## Task to complete
Starting at the line that contains "Custom Satin Lanyards" and stopping after the line that contains "2017 Mercedes-Benz GLE AMG GLE 43 4MATIC", transcribe the listing below exactly; do not include any pictures.

:: Listed entries

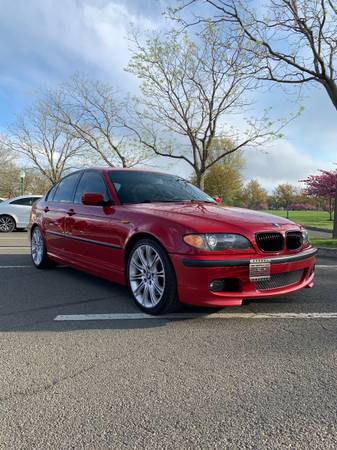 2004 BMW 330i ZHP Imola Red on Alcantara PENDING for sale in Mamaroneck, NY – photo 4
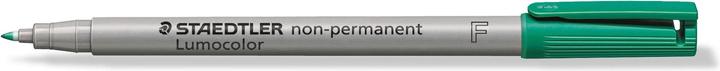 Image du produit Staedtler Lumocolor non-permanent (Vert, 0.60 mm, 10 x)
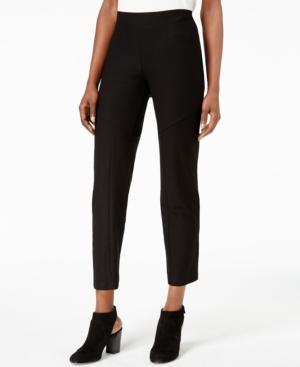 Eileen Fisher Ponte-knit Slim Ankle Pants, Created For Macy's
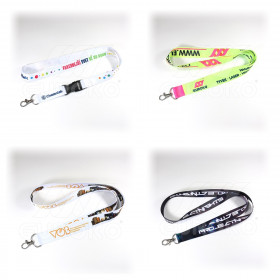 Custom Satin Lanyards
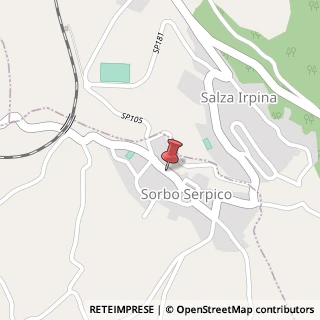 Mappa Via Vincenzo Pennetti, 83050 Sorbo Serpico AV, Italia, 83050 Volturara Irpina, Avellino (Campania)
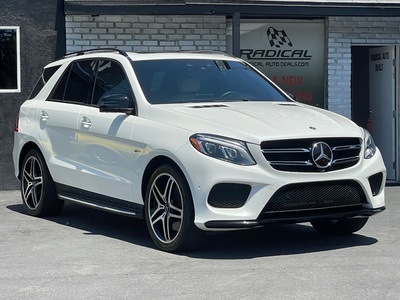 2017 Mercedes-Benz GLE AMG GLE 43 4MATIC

::::
:: Listed entries

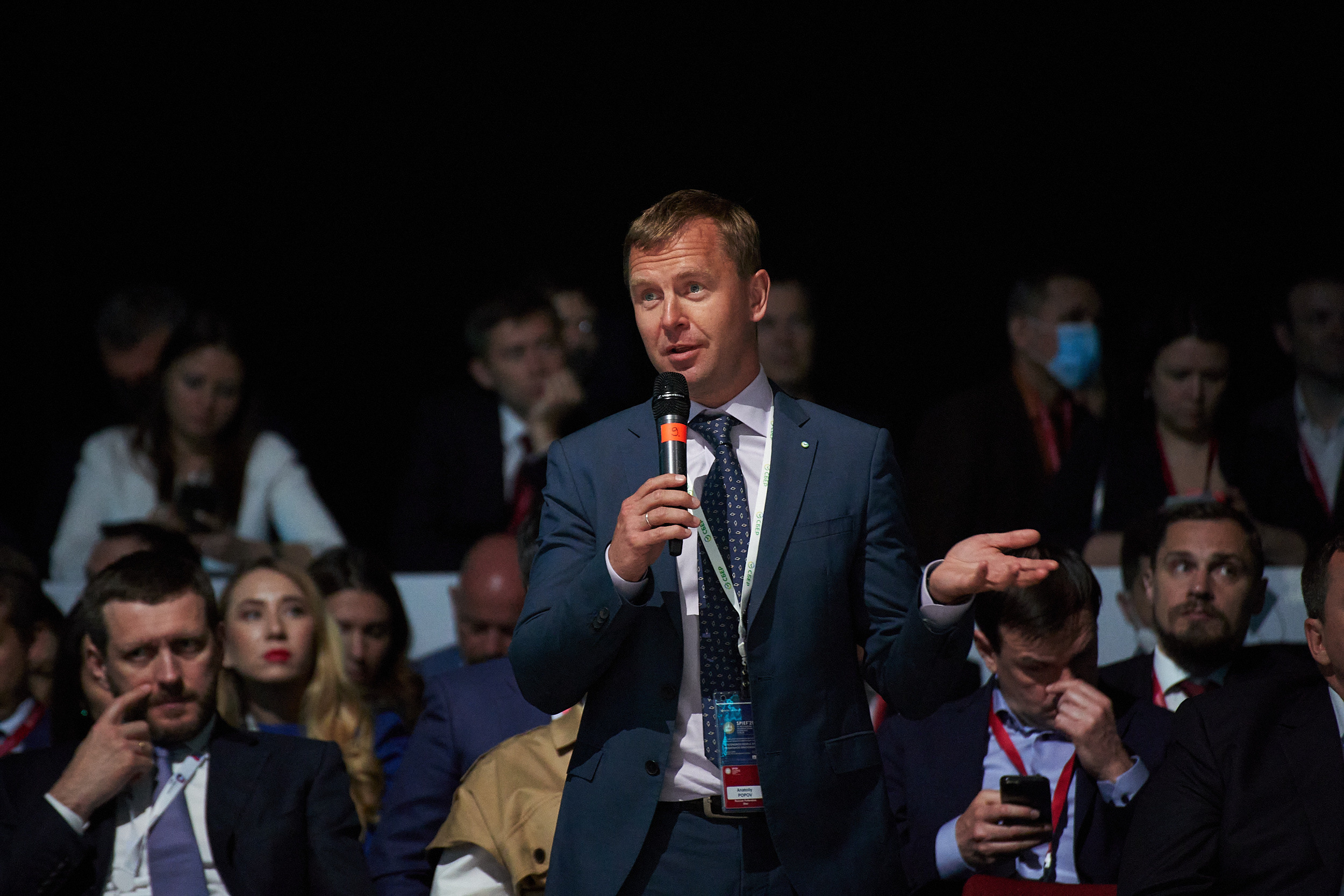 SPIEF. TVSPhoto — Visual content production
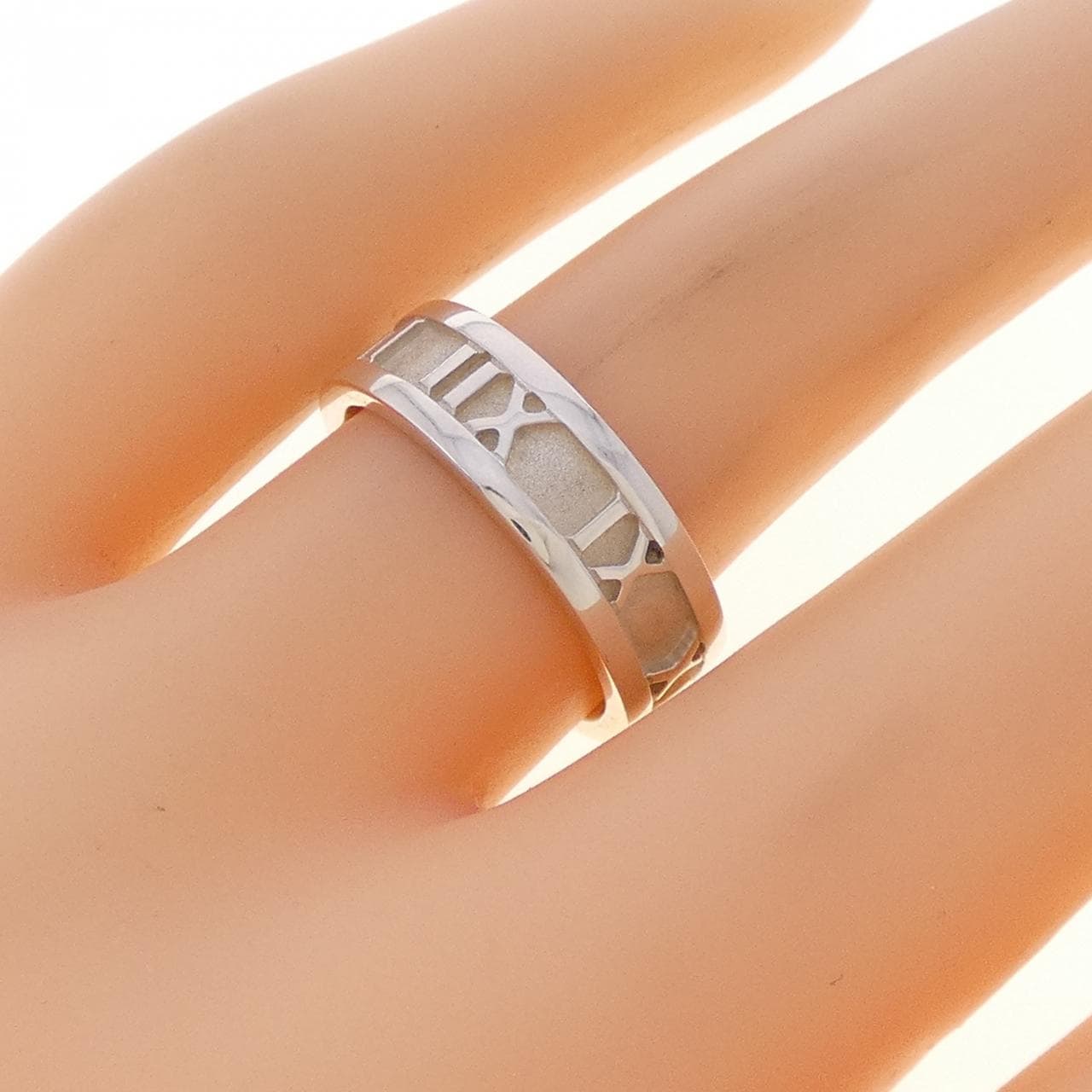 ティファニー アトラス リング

::::

## Worked solution
 Custom Satin Lanyards
 Mappa Via Vincenzo Pennetti, 83050 Sorbo Serpico AV, Italia, 83050 Volturara Irpina, Avellino (Campania)
 2017 Mercedes-Benz GLE AMG GLE 43 4MATIC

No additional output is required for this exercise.